Return MutableList from extensions on MutableIterables


#1

I’ve noticed that calling extensions such as .filterNotNull() on a MutableList<> will return a normal (read: immutable) List<> instead of a MutableList<> as was called on. It seems that’s the documented behavior, but I think it would make more sense to retain mutability without having to call .toMutableList() again. For example:

This doesn’t work today:

mutableListOf("test", null)
    .filterNotNull()
    .add("another test")

Instead it must be:

mutableListOf("test", null)
    .filterNotNull()
    .toMutableList()
    .add("another test")

Are there other language design decisions at play here that provide reason for returning an immutable list from an extension run on a MutableIterable<>?


#2

It looks like you haven’t quite grasped the way filter works. Filter does not alter the original list, rather it creates a new list based on only reading the original. The extensions are defined on List, not MutableList. If you don’t want unneeded copies, you can work on sequences.

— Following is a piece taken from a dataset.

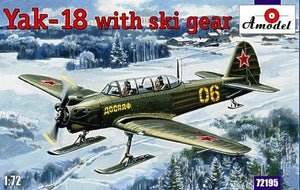 A-Model 72195 Soviet Yakovlev Yak-18 Tandem Two-Seat Trainer Aircraft on skis 1/72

If the end result should be mutable then you would end up with:

val result = mutableListOf<String>()
sequenceOf("test", null)
    .filterNotNull()
    .plus("another test")
    .mapTo(result) { it }

or semantically different:

val result = mutableListOf<String>()
sequenceOf("test", null)
    .plus("another test")
    .filterNotNullTo(result)

Of course if you don’t need to do any modification afterwards you would write this:

val result = sequenceOf("test", null)
    .filterNotNull()
    .plus("another test")
    .toList()

This will not create temporary lists. You could of course use asSequence with an existing list. The .plus method is basically the same as the + operator, but when used as operator requires parentheses.


#3

Thanks for the explanation using sequences instead. I do understand that the filter extensions are defined on List and creates a new list as an output. My question instead was more trying to understand why there are not also filter extensions defined for MutableList which will return a new MutableList with the filter applied? This would avoid the need to use sequences in this case, and remove the need to add a .toMutableList() call at the end of the chain if the desired result is another MutableList.

Of course I can add those extensions in my own projects if needed, but I’m interested in the reason that this was omitted from the language.


#4

This is speculation (I don’t have anything to do with the design), but I suspect that part of the reason is that these are functional interfaces and functional programming in its design has no mutable data. No mutable data means no mutable lists.